The biggest difference between asynchronous commit commitAsync () and synchronous commit commitSync () is that asynchronous commit is not retried, synchronous commit is consistent with retry.

Combined synchronous and asynchronous submission

In general, for occasional commit failures, it will not be a big problem not to retry, because if the commit failure is caused by a temporary problem, then subsequent submissions will always be successful. But if you commit for the last time before closing the consumer or rebalancing, make sure the commit is successful.

Therefore, it is common to use a combination of commitAsync and commitSync to commit offsets before the consumer shuts down.

Submit a specific offset

The consumer API allows you to pass in the map of the partition and offset you want to commit when calling the commitSync () and commitAsync () methods, that is, commit a specific offset.

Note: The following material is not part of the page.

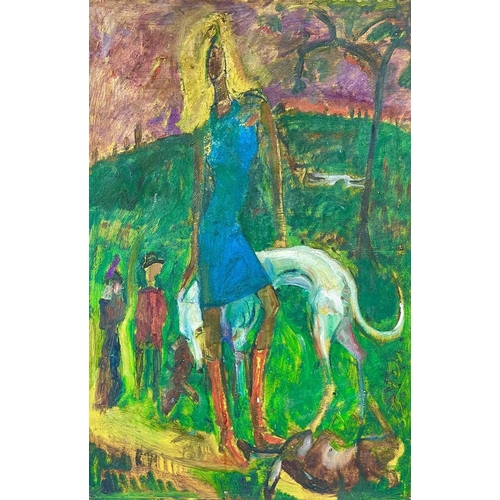 473 - Sven BERLIN (1911-1999) Girl with Her Greyhound Oil on board, signed, monogrammed and inscribed to v...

This is how the Kafka Consumer shared by the editor is understood. If you happen to have similar doubts, you might as well refer to the above analysis to understand. If you want to know more about it, you are welcome to follow the industry information channel.

Welcome to subscribe "Shulou Technology Information " to get latest news, interesting things and hot topics in the IT industry, and controls the hottest and latest Internet news, technology news and IT industry trends.

*The comments in the above article only represent the author's personal views and do not represent the views and positions of this website. If you have more insights, please feel free to contribute and share.